ACTIVITY: Your copy should hold every record verbatim and none of the pictures.

(Beginning of SUPPLIED ENTRIES)

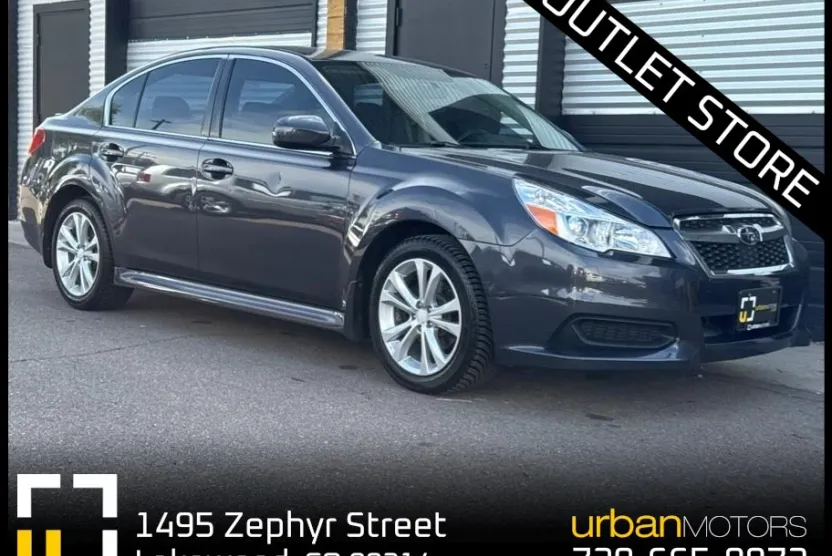 2013 Subaru Legacy 2.5i Premium photo 1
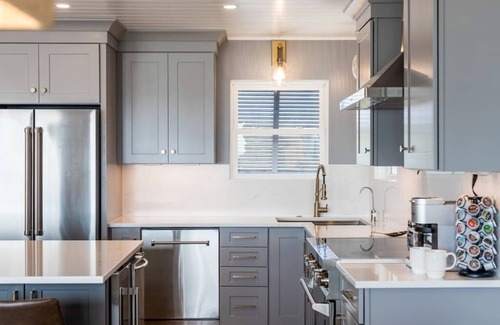 Surf City House | Luxurious Modern Beachfront Gem!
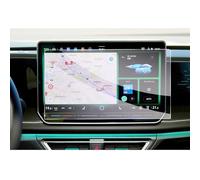 GAFAT Compatible avec VW Tiguan 3 / Tayron 2025 2026 2027 15" Film de Protection d'Écran de Navigation, Film en Verre pour Nouveau Tiguαn iii 2024-15" Discover Pro Max, Anti-chocs, 9H Anti-Rayures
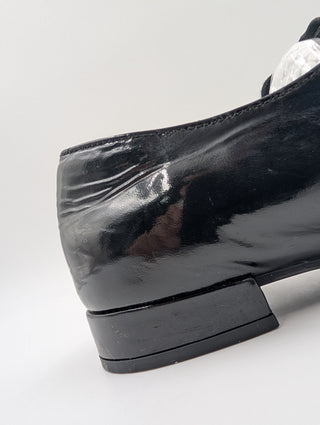 Black Leather Dress Shoes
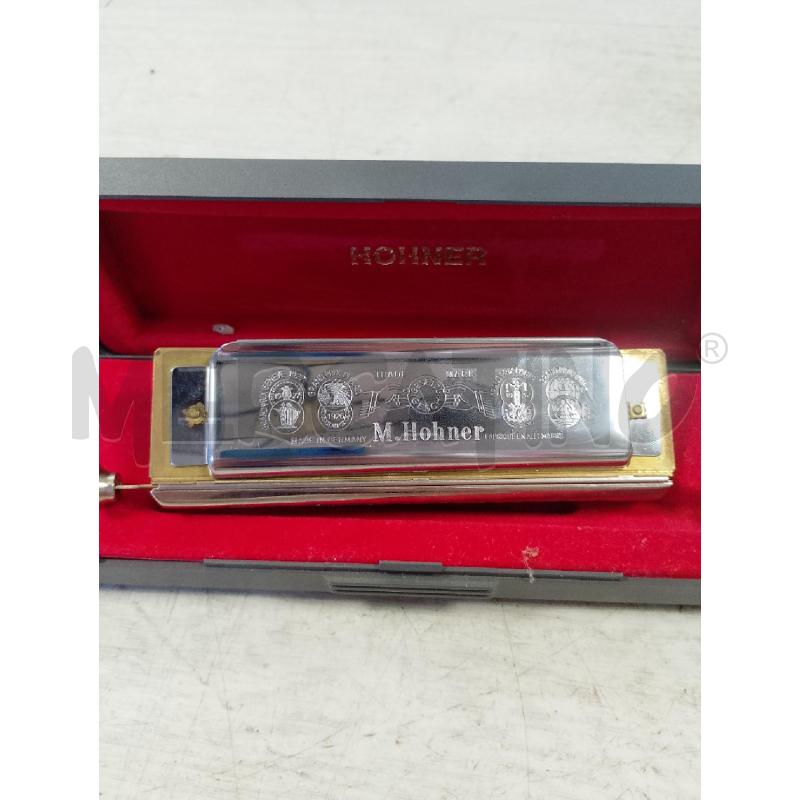 ARMONICA A BOCCA HOHNER THE CHROMONICA | Mercatino dell'Usato Ciampino 3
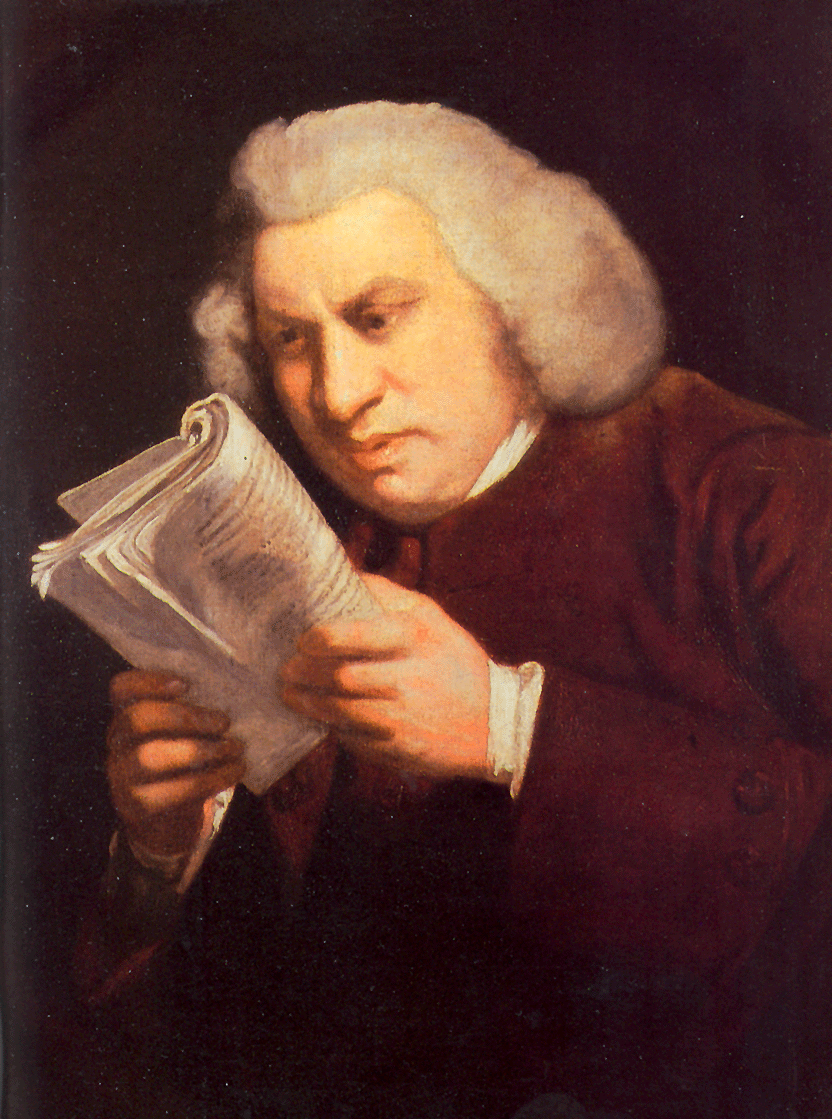 dr. samuel johnson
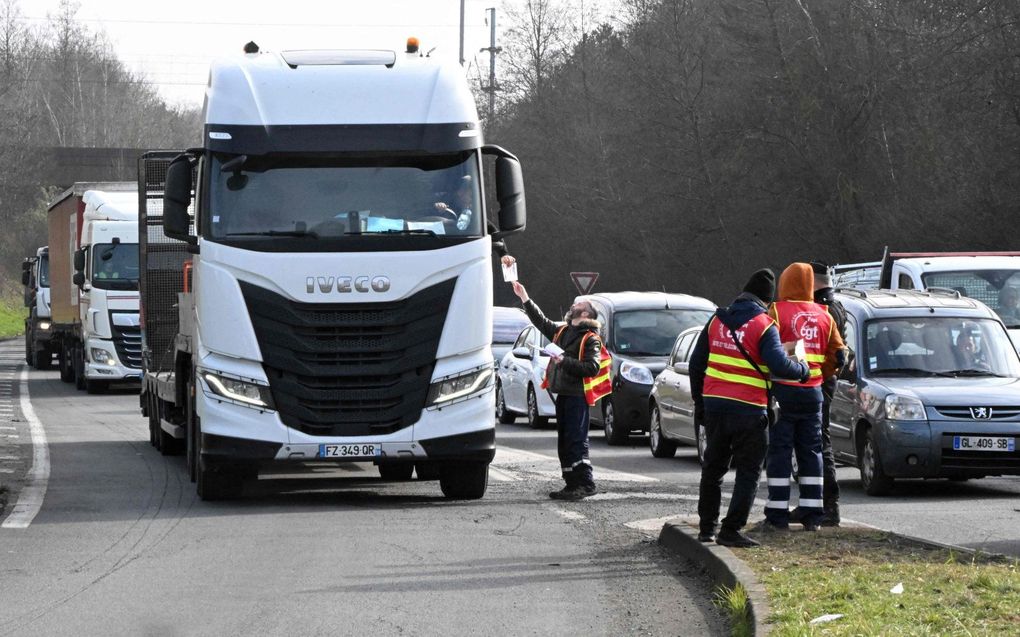 beeld AFP, Francois Lo Presti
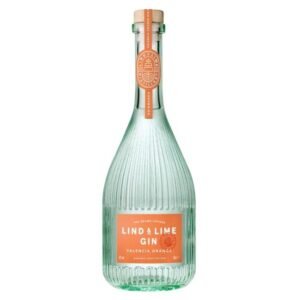 Lind & Lime Valencia Orange Gin 42% 0,7l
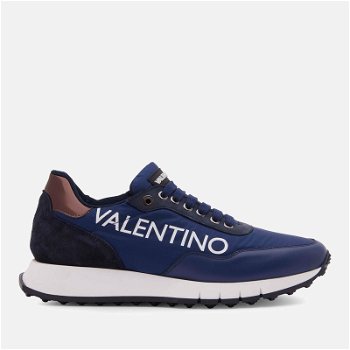 Valentino Men's Aries Suede and Shell Running-Style Trainers - UK 7 92A2602NY-561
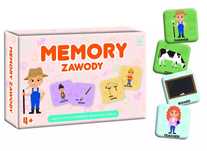 Memory. Zawody. Kangur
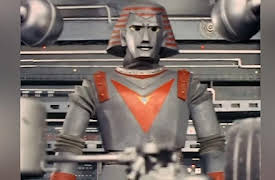 Johnny Sokko Season 1: Nucleon, The Magic Globe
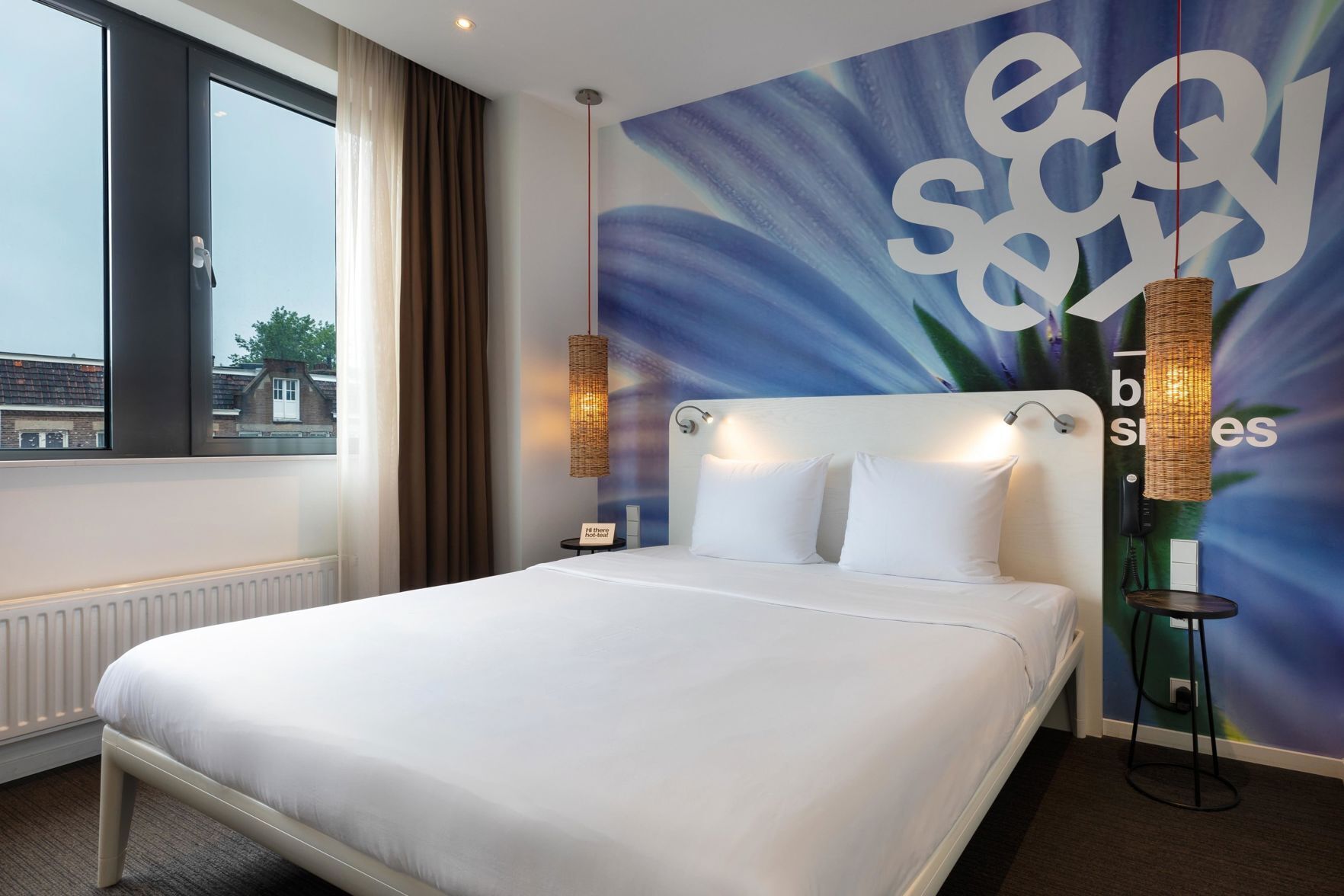 In-room safe, desk, blackout drapes, iron/ironing board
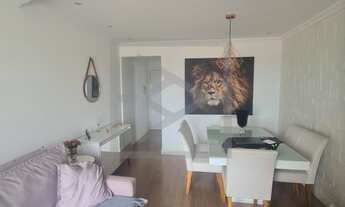 Imagem 2: Apartamento para venda 71m² , 3 dormitórios, 1 vaga - Campo Grande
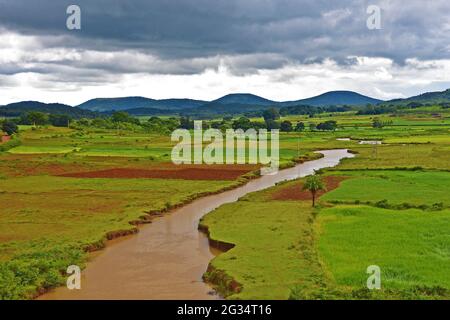 Koraput, Odisha, India Stock Photo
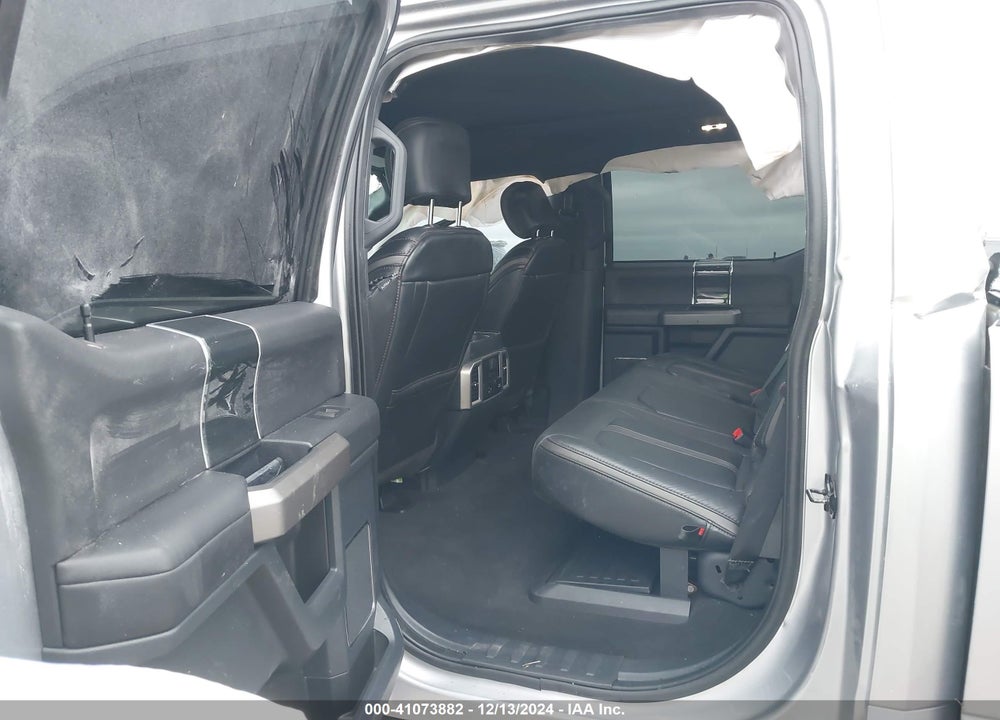2022 FORD F-250 PLATINUM VIN: 1FT8W2BT1NED21561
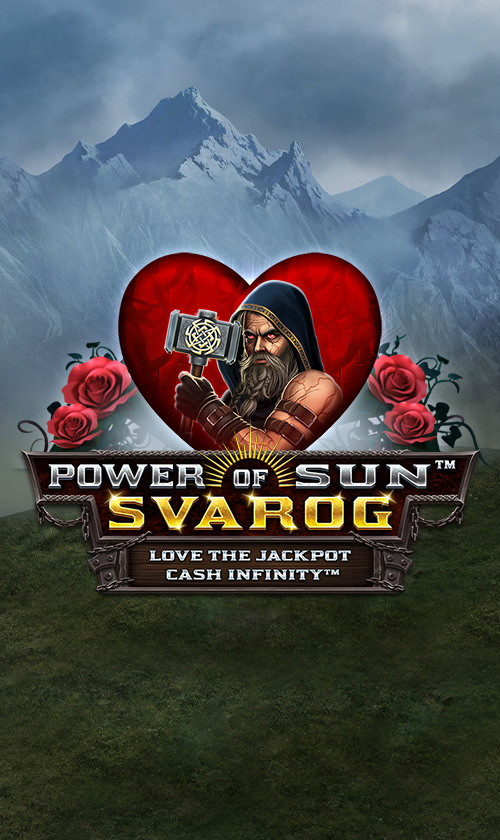 Power of Sun™: Svarog Love the Jackpot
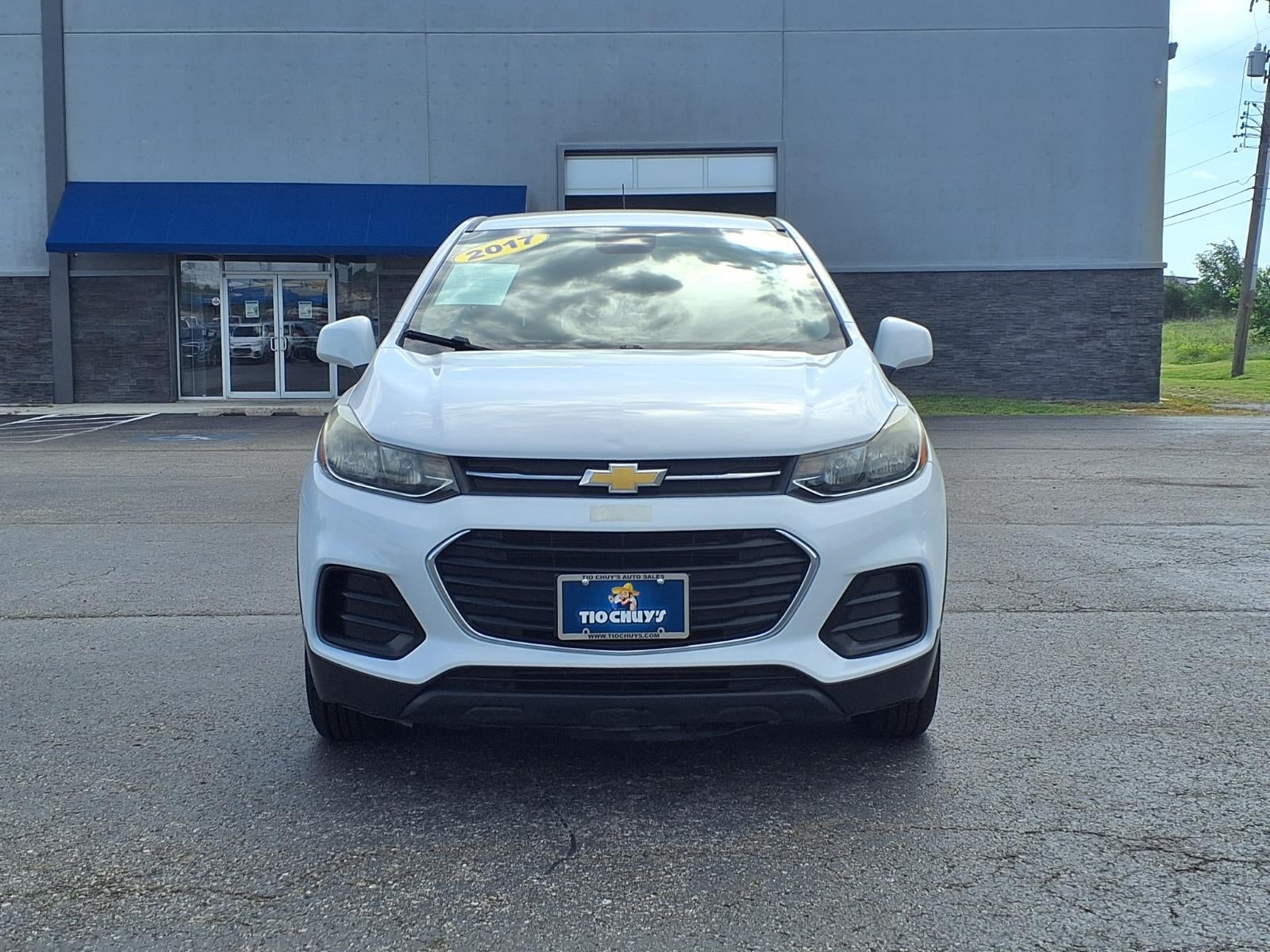 2017 Chevrolet Trax LS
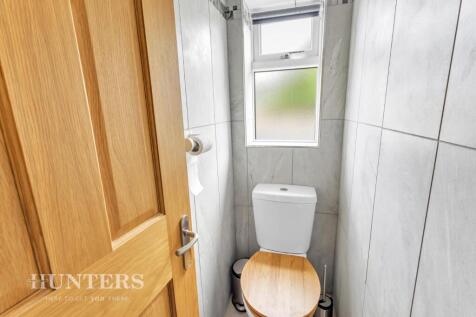 Separate WC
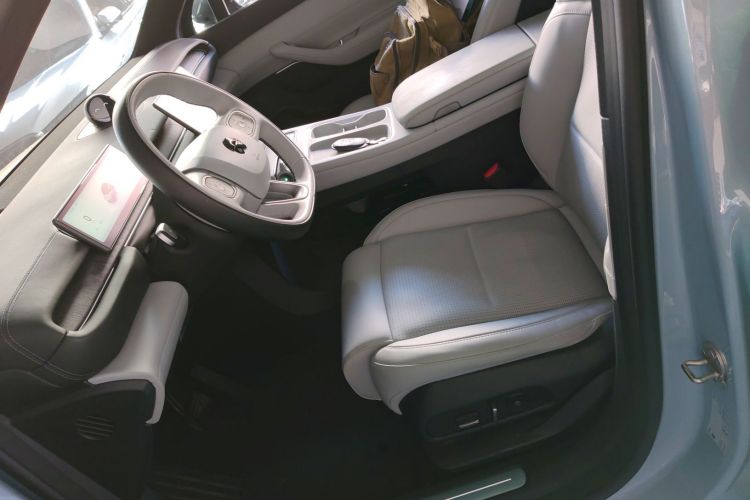 蔚来ES6 2024款 75kWh局部细节19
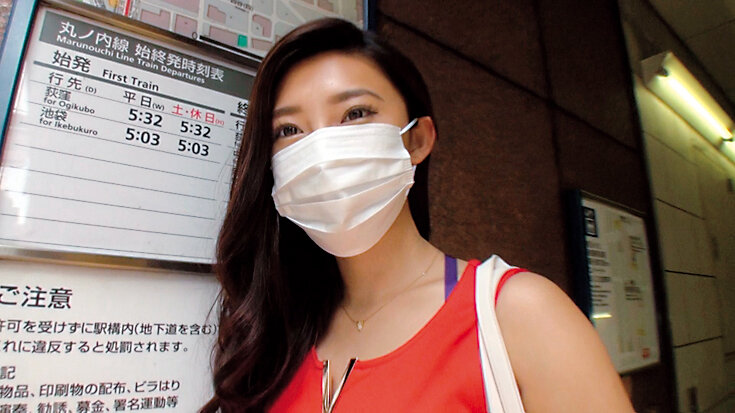 働くお姉さんAV出演！素人さん宅にて訪問SEX4時間 - サンプル画像 - 3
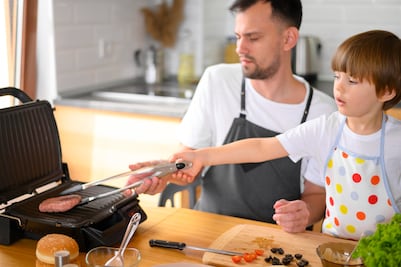 Los mejores regalos para un papá foodie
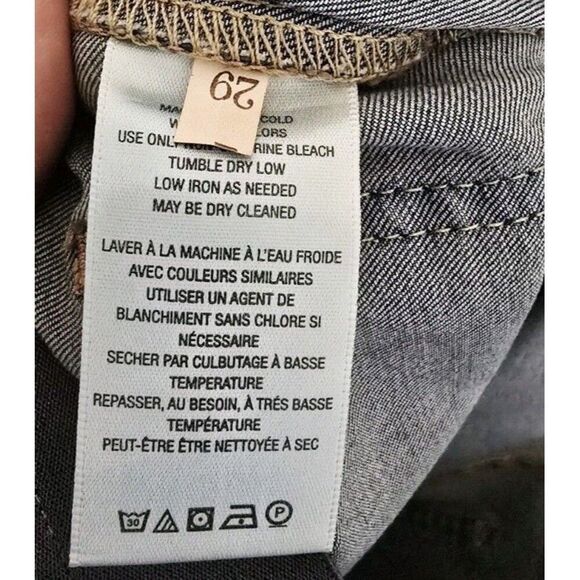 We The Free By FREE PEOPLE Penny Pull-On Flare Jeans 29 - Picture 4 of 10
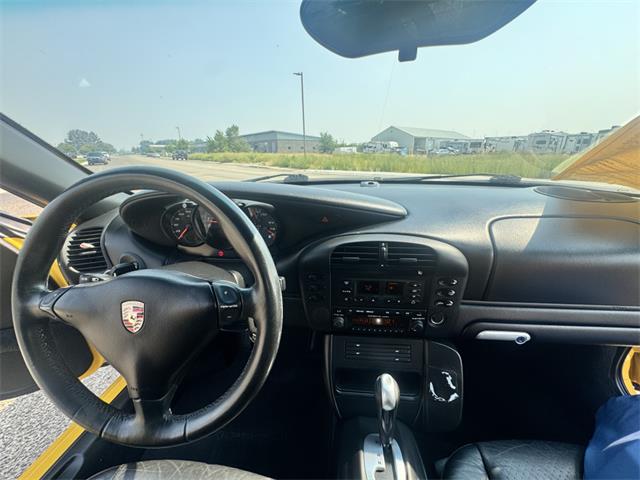 2003 Porsche Boxster (CC-2096415) for sale in Reno, Nevada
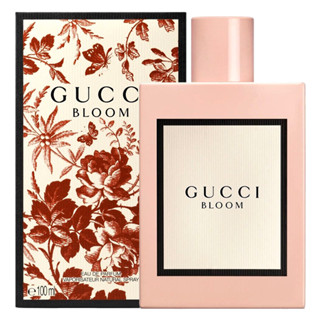 น้ำหอม Gucci bloom Edp Gucci Bloom Ambrosia Di Flori Perfume intense EDP Gucci Bloom Profumo di Fiori Size100ml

(End of SUPPLIED ENTRIES)

WRITTEN ANSWER:
 2013 Subaru Legacy 2.5i Premium photo 1
 Surf City House | Luxurious Modern Beachfront Gem!
 GAFAT Compatible avec VW Tiguan 3 / Tayron 2025 2026 2027 15" Film de Protection d'Écran de Navigation, Film en Verre pour Nouveau Tiguαn iii 2024-15" Discover Pro Max, Anti-chocs, 9H Anti-Rayures
 Black Leather Dress Shoes
 ARMONICA A BOCCA HOHNER THE CHROMONICA | Mercatino dell'Usato Ciampino 3
 dr. samuel johnson
 beeld AFP, Francois Lo Presti
 Lind & Lime Valencia Orange Gin 42% 0,7l
 Valentino Men's Aries Suede and Shell Running-Style Trainers - UK 7 92A2602NY-561
 Memory. Zawody. Kangur
 Johnny Sokko Season 1: Nucleon, The Magic Globe
 In-room safe, desk, blackout drapes, iron/ironing board
 Imagem 2: Apartamento para venda 71m² , 3 dormitórios, 1 vaga - Campo Grande
 Koraput, Odisha, India Stock Photo
2022 FORD F-250 PLATINUM VIN: 1FT8W2BT1NED21561
 Power of Sun™: Svarog Love the Jackpot
 2017 Chevrolet Trax LS
 Separate WC
 蔚来ES6 2024款 75kWh局部细节19
 働くお姉さんAV出演！素人さん宅にて訪問SEX4時間 - サンプル画像 - 3
 Los mejores regalos para un papá foodie
 We The Free By FREE PEOPLE Penny Pull-On Flare Jeans 29 - Picture 4 of 10
 2003 Porsche Boxster (CC-2096415) for sale in Reno, Nevada
 น้ำหอม Gucci bloom Edp Gucci Bloom Ambrosia Di Flori Perfume intense EDP Gucci Bloom Profumo di Fiori Size100ml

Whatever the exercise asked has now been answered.